I know several bloggers of all stripes (lit, design, music, etc.) who don't list certain books in their "just read" or "currently reading" columns. Sandra at Book World (who has just made a lovely shift in her blog from covering books to covering writing and books about writing) mentions that she would never place these books about writing in her left-hand column. Instead of gasping at her declaration, I thought: my god, I do the same thing.
Last year, when I was on my big matchy-matchy rant, I read all of Emily Giffin's books. I know, I know. Don't mock. I felt that to properly criticize her, I had to know what I was talking about. So I read them. Will you find them listed in my 2006 Books Read list? Nope. I've been secretly shamed about this for awhile now. Why didn't I include them? Was I that caught up in what others thought - what others might think -- of me as a writer, thinker, reader that I couldn't list them? Yes, it seems.
My next thought was: well at least I don't pretend to have read books that I haven't. That seems a far worse offense. Or is it? Isn't the shame -- for those who haven't read something they feel they should & those who've read something they'd rather not advertise -- and the hiding of said shame, equal on both sides? I wonder. While I continue to probe this question & my own guilt (no doubt induced by a brand of crazy that only my christian school education could provide), I reserve the right to leave these aforementioned read-but-not-going-to-admit-it books off my public "Books I've Read List."

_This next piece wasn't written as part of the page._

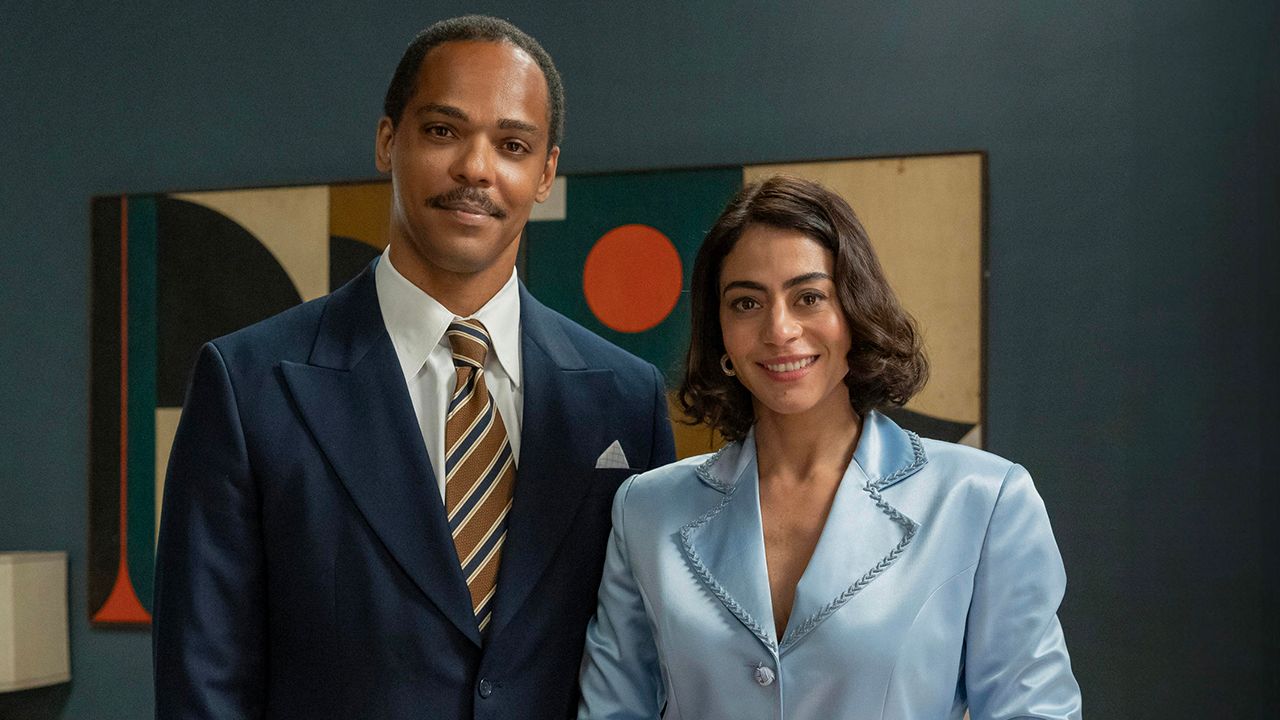 Gregório (Rocco Pitanga) e Clarice (Carol Castro)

What, if you're willing to share, is your secret reading shame? Any answers will remain in comments and will not, I repeat, not, make their way into your blog reading columns. (That update script isn't quite finished yet.) To extend the shame game far and wide, I'll go first: I've read every Clive Cussler book ever published (I like that Dirk Pitt guy), every Agatha Christie, and I have a slew (by slew I mean dozens) of writerly advice books that are not worth the paper they're printed on and are carefully hidden behind other books on my shelves. (This sharing thing is easier said than, well, you know.)